Collected data:
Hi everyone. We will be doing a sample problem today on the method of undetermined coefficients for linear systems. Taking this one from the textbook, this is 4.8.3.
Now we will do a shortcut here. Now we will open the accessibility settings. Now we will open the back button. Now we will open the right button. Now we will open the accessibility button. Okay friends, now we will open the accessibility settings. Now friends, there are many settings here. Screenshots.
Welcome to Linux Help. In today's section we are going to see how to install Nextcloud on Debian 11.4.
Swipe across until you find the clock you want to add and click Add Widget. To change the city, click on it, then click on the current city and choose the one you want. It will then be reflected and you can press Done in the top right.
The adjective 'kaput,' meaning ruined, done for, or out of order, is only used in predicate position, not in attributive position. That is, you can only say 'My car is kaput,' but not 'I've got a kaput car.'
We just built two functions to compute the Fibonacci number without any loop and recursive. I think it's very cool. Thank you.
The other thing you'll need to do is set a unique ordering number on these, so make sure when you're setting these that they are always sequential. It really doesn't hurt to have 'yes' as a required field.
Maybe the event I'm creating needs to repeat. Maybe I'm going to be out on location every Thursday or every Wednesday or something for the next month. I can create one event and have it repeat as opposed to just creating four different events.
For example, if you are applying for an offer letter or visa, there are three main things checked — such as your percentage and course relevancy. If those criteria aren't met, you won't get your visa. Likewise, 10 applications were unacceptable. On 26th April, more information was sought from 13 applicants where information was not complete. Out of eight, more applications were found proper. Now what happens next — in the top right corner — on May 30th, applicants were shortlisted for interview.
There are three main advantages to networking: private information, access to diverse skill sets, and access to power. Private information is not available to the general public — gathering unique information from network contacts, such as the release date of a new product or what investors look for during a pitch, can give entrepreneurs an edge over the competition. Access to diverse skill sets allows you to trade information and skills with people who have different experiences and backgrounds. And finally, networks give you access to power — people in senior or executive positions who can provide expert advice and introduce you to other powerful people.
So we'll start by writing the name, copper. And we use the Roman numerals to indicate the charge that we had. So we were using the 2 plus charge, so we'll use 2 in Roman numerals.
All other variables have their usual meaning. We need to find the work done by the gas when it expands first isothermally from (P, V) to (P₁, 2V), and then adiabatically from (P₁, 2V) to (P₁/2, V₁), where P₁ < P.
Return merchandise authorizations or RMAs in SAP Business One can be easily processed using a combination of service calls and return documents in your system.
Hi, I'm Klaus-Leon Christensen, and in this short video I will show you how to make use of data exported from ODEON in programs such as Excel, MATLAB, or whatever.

§ Problem to solve:
Write out exactly those lines running from the line with "All other variables" to the end of the data above, the first and last included.

§ Written answer:
All other variables have their usual meaning. We need to find the work done by the gas when it expands first isothermally from (P, V) to (P₁, 2V), and then adiabatically from (P₁, 2V) to (P₁/2, V₁), where P₁ < P.
Return merchandise authorizations or RMAs in SAP Business One can be easily processed using a combination of service calls and return documents in your system.
Hi, I'm Klaus-Leon Christensen, and in this short video I will show you how to make use of data exported from ODEON in programs such as Excel, MATLAB, or whatever.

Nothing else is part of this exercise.